Bref retour sur la contre-réforme fédérale de 2010.
En pleine crise des subprimes, le Parlement fédéral a adopté la contre-réforme de la Loi sur la prévoyance professionnelle (LPP) qui limite drastiquement la possibilité pour les caisses de retraites des collectivités publiques de fonctionner selon le système de l’AVS (répartition), en les obligeant à se capitaliser à 80% sur 40 ans. La proposition initiale du conseiller national Serge Beck (PLR) – une capitalisation à 100% sur 10 ans – aurait contraint les collectivités publiques à verser près de 50 milliards de francs, les ruinant au passage.
Cette contre-réforme, adoptée en 2010, n’a dès lors cessé de déployer ses effets. Berne et Genève, notamment, ont dû passer deux fois à la caisse. C’est dans ce contexte que s’ancre la bataille sur la Caisse de pension du personnel de l’Etat de Fribourg (CPPEF).

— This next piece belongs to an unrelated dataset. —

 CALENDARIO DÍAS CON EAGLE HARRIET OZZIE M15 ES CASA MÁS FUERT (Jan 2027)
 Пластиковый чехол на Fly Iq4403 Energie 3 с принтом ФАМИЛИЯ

À Genève, les agent-e-s du service public ont fait alliance avec les locataires. La loi, acceptée en votation populaire en mai 2019, permettra de sauvegarder les rentes en créant du logement. L’apport de capitalisation imposé par le droit fédéral se fera notamment par la cession de terrains disponibles à la construction. Le système de primauté des prestations a pu être maintenu.
Sur le fondement de cette expérience, voici quelques pistes de réflexions pour les salarié-e-s du secteur public fribourgeois.

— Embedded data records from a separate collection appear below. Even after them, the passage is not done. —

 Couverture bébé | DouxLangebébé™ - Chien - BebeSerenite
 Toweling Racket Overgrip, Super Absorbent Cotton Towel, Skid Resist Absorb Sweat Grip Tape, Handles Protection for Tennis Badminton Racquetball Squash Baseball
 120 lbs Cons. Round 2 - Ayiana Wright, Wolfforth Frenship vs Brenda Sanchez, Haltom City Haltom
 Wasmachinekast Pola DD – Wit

Avec un taux technique à 3,25%, un apport d’actifs et/ou une augmentation du financement de la CPPEF semble nécessaire.
Cette recapitalisation n’exige cependant pas un passage du régime de primauté des prestations à celui des cotisations, qui transfère les risques des marchés financiers sur les seul-e-s assuré-e-s. Conséquence: l’objectif de rente, calculé en pourcentage du salaire assuré, tomberait. La rente dépendrait ainsi de l’évolution de l’effectif des assuré-e-s, mais surtout de la conjoncture économique et des rendements de la fortune de la caisse. Les risques sont donc élevés. M. Godel l’a confirmé en septembre dans une interview à la RTS : « Le succès de la réforme dépendra aussi du rendement des marchés financiers ».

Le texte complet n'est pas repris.